Discover the glorious coast of calabria
This unsung region in the far south of Italy is full of surprises — from its sublime food and great beaches to its ancient culture. Sean Thomas goes exploring
It doesn’t always get a good press, Calabria, that rocky toecap of Italy that looks ready to drop-kick Sicily right between the Balearics. In Roman times Virgil claimed that “the entire Calabrian coast is inhabited by evil Greeks”. Over the ensuing centuries it has earned a reputation for malaria, mafia and murderous earthquakes.
Later writers have been equally unkind, in Carlo Levi’s Christ Stopped At Eboli, Calabria is described as “that other world, hedged in by custom and sorrow . . . where the peasant lives out his motionless civilisation on barren ground, in remote poverty, and in the presence of death”.

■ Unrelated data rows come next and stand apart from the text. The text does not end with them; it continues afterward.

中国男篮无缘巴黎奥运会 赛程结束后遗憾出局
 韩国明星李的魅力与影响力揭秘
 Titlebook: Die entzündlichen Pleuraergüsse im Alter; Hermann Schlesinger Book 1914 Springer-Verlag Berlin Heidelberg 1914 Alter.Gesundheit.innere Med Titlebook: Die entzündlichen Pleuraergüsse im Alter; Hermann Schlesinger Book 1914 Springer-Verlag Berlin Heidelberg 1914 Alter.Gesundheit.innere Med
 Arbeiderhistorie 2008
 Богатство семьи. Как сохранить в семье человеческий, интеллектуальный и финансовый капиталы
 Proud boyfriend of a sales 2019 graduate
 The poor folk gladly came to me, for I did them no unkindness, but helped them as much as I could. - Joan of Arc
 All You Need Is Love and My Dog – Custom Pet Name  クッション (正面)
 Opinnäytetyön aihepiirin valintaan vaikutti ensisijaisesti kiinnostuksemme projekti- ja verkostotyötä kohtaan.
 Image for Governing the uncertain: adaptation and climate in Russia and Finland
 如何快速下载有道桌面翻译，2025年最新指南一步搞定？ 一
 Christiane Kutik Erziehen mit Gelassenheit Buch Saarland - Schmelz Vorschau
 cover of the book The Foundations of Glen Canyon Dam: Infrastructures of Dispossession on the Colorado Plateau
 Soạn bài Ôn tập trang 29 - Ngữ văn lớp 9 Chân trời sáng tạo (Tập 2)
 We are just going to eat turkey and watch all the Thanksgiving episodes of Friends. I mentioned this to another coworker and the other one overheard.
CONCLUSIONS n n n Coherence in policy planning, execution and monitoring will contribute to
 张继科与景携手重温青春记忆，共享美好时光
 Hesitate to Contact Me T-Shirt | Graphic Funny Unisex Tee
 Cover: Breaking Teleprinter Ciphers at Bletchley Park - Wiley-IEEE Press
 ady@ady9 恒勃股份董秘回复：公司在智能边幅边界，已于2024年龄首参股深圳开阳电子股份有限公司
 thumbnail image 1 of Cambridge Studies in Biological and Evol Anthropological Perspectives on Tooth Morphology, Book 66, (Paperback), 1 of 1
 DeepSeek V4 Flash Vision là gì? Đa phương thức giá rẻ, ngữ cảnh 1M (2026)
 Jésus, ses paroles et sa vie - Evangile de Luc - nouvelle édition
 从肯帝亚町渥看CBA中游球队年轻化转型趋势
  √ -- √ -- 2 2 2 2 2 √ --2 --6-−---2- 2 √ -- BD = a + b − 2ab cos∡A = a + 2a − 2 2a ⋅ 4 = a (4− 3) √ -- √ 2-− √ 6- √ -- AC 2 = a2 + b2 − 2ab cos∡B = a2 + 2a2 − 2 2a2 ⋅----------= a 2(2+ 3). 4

Fantastic, right? Even more reassuringly, I can see exactly what Levi means by the presence of death. I’m in a car driven by the owners of a new boutique B&B — the rickety yet charming, furiously historic Palazzo Carratelli — through the hugger-mugger streets of old Amantea. The palazzo is perched on a perilous cliff (like so many things in Calabria), but has stirring views across the sizzling Mediterranean to the distant pyramid of volcanic Stromboli, calmly vaping on the blue horizon.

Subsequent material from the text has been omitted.